#### Work to be completed
From the line containing "AQUA 電烤箱(AQT-WA11-T)" to the last line of the records below, transcribe everything exactly, pictures excluded.

++++

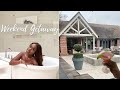 ROMANTIC WEEKEND GETAWAY | ESSEX STAYCATION | Jade vanriel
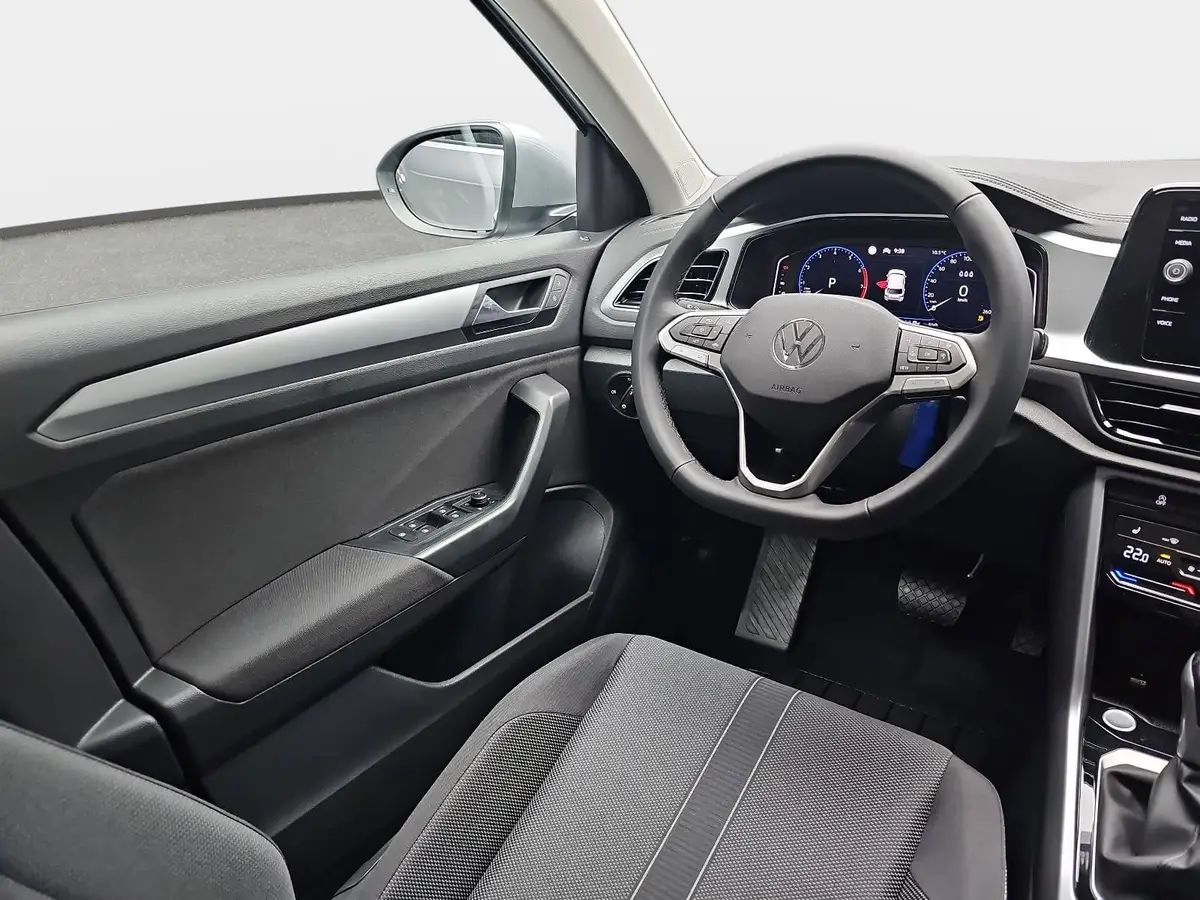 VW T-ROC 1.5 TSI DSG LIFE LED WINTER AHK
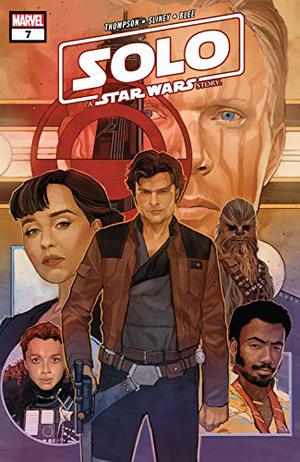 Solo: A Star Wars Story Adaptation #7 (Solo: A Star Wars Story #7)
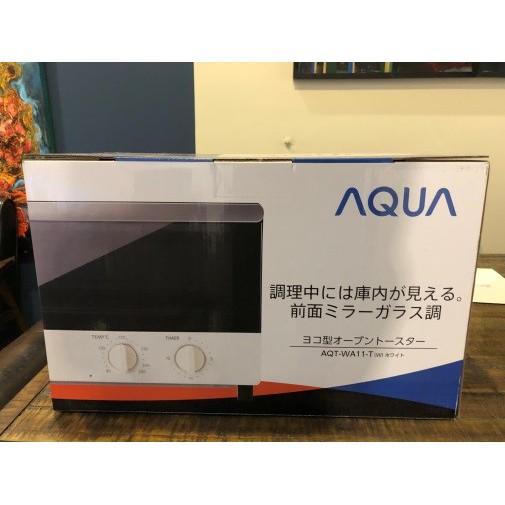 AQUA 電烤箱(AQT-WA11-T)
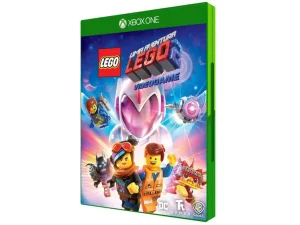 Uma Aventura LEGO 2 para Xbox One – TT Games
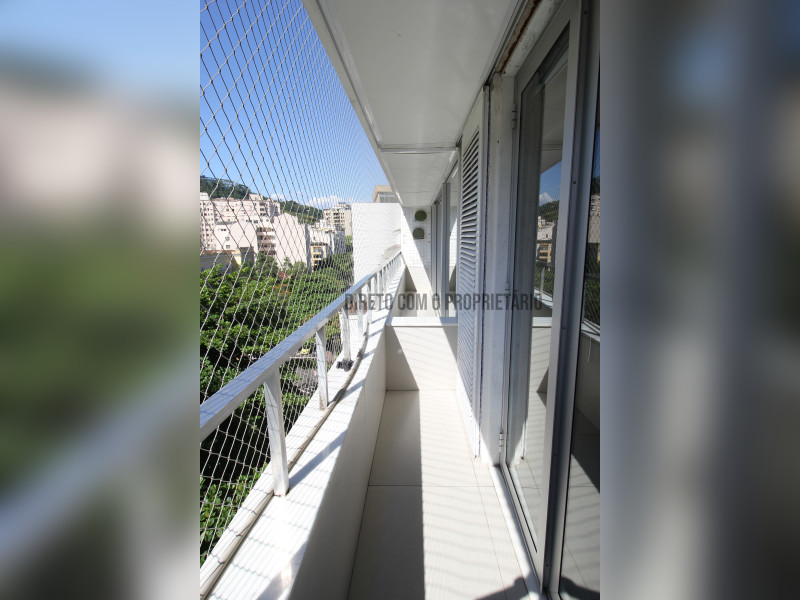 Apartamento à venda Laranjeiras com 130m² e 3 quartos por R$ 1.880.000 - boa-28-sacada-01-img-4521.jpg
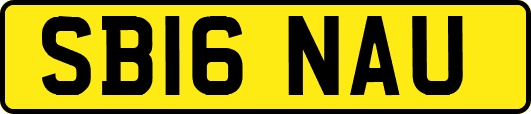 SB16NAU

++++

#### Finished exercise
 AQUA 電烤箱(AQT-WA11-T)
 Uma Aventura LEGO 2 para Xbox One – TT Games
 Apartamento à venda Laranjeiras com 130m² e 3 quartos por R$ 1.880.000 - boa-28-sacada-01-img-4521.jpg
 SB16NAU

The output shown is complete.